Details of the Investigation and Findings
The European Commission’s probe focused on a suite of cloud-based advertising tools provided by Google to website operators and marketers. These applications facilitate the sale of advertising space by publishers, while advertisers use the platforms to place bids for that ad inventory. EU regulators identified Google as holding a dominant position in two critical segments of the ad technology market.
According to the Commission, Google abused this dominance to advantage its own products unfairly. Key to the concerns was Google’s online auction platform, known as AdX, which processes bids advertisers place for ad space. The highest bid typically wins an auction; however, EU officials found that Google did not route bids to competing auction platforms, effectively favoring its own AdX platform.

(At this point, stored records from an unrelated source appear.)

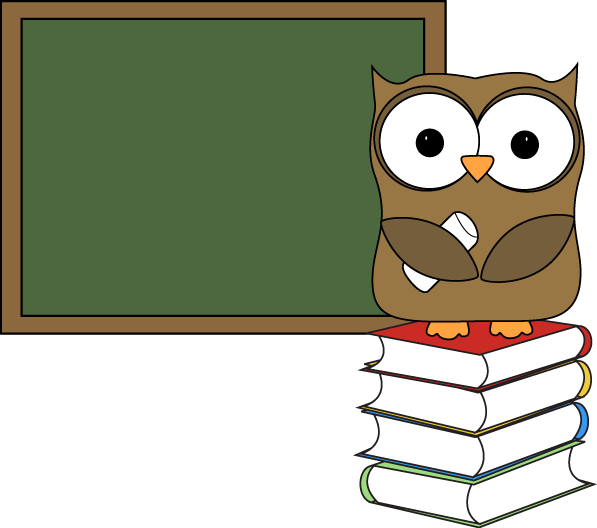 Owl With Books And Chalkboard Clip Art - Cartoon (597x528), Png Download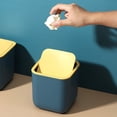 thumbnail image 4 of Bathroom & Desk Essentia for Tissue, Cotton Rounds, Makeup Waste Sleek Lid Waste Basket, 4 of 5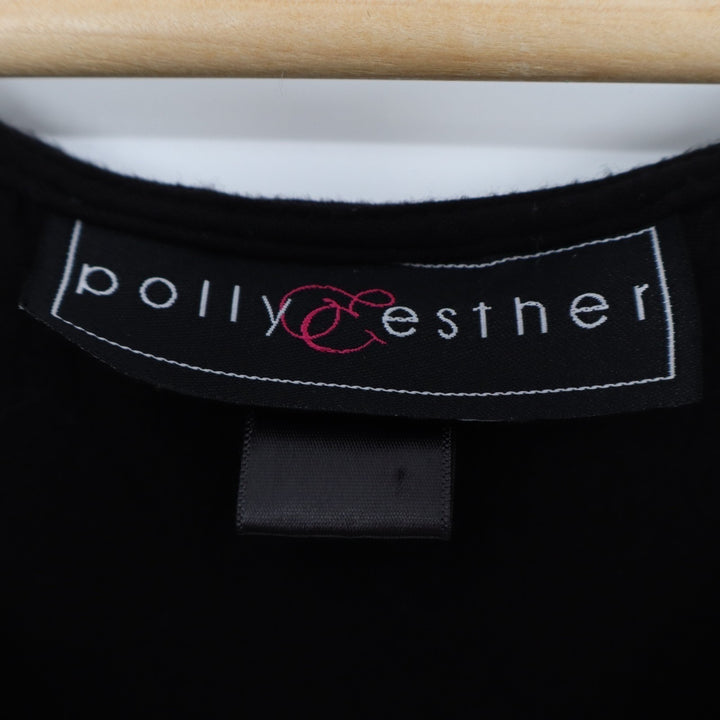Polly & Esther Blouse Top Womens Black Long Sleeve Criss Cross Tie Up V Neck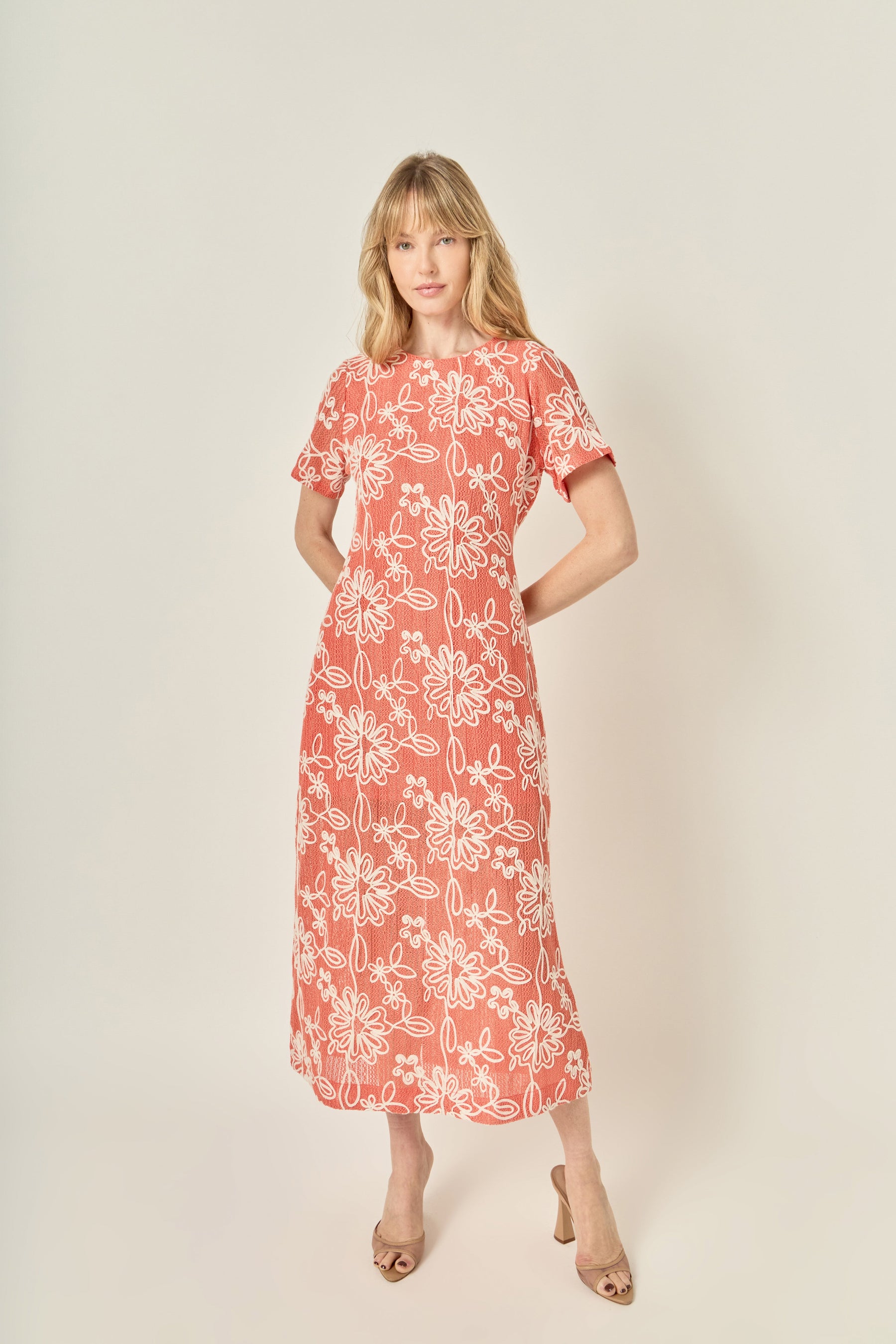 Floral Embroidered Short Sleeve Midi Dress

Further issues were found with Google Ad Manager, a tool used by website operators to sell advertising space. The investigation concluded that this tool gave Google access to sensitive auction data from rival ad platforms, which Google allegedly exploited to gain an unfair edge in the marketplace.
EU’s Orders Beyond the Fine
In addition to the significant financial penalty, the European Commission has mandated structural and behavioral changes to Google’s business practices. These include requirements to end practices that create conflicts of interest within the ad tech ecosystem. The Commission has tentatively indicated that fulfilling these conditions could necessitate Google divesting parts of its advertising technology business.
Google’s Response and Reactions
Google plans to appeal the decision. Lee-Anne Mulholland, Google’s global head of regulatory affairs, characterized the fine and the proposed remedies as unjustified and expressed concern that the changes would negatively affect thousands of European businesses relying on Google’s advertising platform.
This development has also attracted attention across the Atlantic. Former U.S. President Donald Trump criticized the European ruling on his Truth Social platform, stating that the fine penalizes a leading American company unfairly and threatens American investments and jobs. Trump warned of potential retaliatory measures, including initiating a Section 301 trade investigation to counteract what he termed unfair penalties.
Context Within Broader Legal Challenges
The European ruling coincides with parallel legal battles in the United States. A recent DOJ antitrust trial considered whether Google should be ordered to sell its Chrome browser as a remedy, but the presiding judge rejected that proposal. Additionally, a federal court earlier this year ruled that Google holds an illegal monopoly in parts of the ad tech market encompassing the same Google products the EU targeted. A remedies trial in that case is scheduled to commence later this month.
Implications
This landmark EU fine and accompanying orders highlight increased scrutiny of dominant digital platforms and the complex landscape of online advertising technology. As Google seeks to appeal, the digital advertising ecosystem faces potential shifts affecting advertisers, publishers, and consumers across Europe and beyond.